INFORMATION SHOWN

_ _ _ _

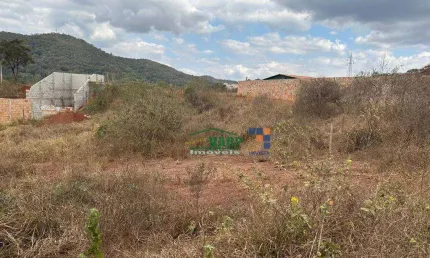 Terreno à venda, 594 m² por R$ 199.000,00 - Villa Real - Sabará/MG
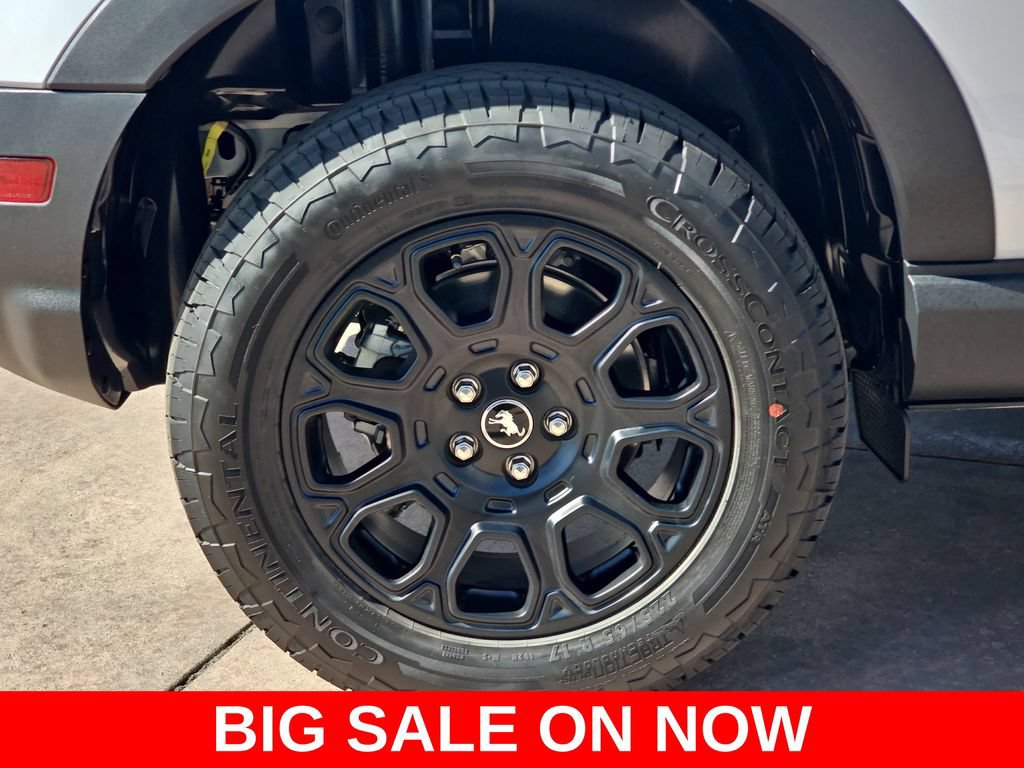 New 2026 Ford Bronco Sport Badlands w/ Badlands Tech Package AWD/4WD image 38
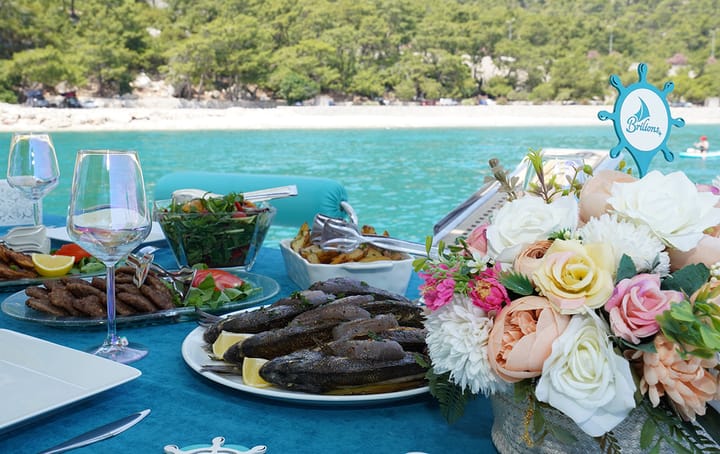 Custom Made Motor Yacht (2006) for Charter - Antalya | #27049 - 17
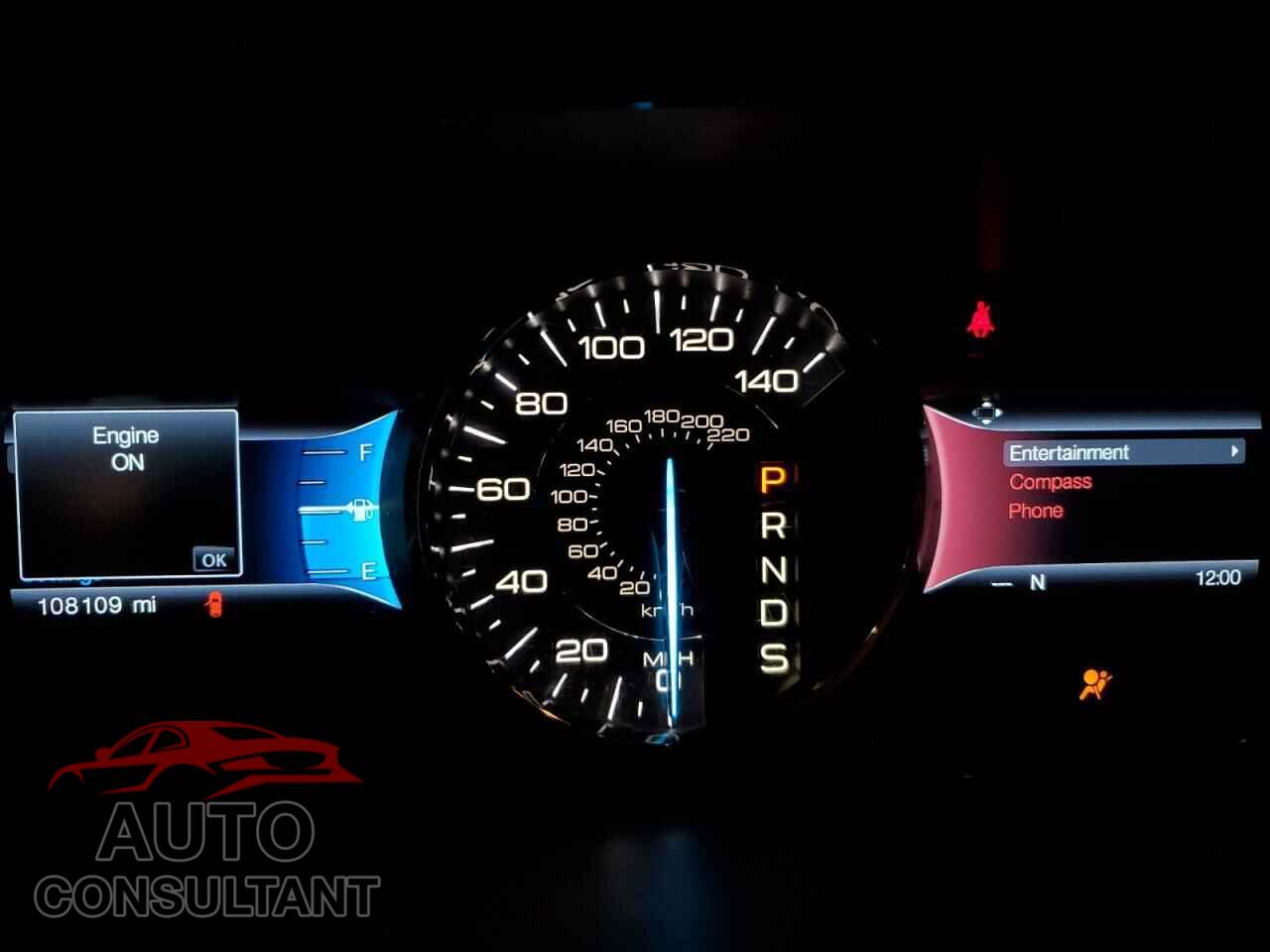 FORD EDGE 2014 - 2FMDK4KC8EBA54769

_ _ _ _

YOUR ASSIGNMENT
Could you set down, exactly as written, every line from the one with "New 2026 Ford" to the end of the data, both ends included? Leave out the pictures.

RESPONSE BOX
 New 2026 Ford Bronco Sport Badlands w/ Badlands Tech Package AWD/4WD image 38
 Custom Made Motor Yacht (2006) for Charter - Antalya | #27049 - 17
 FORD EDGE 2014 - 2FMDK4KC8EBA54769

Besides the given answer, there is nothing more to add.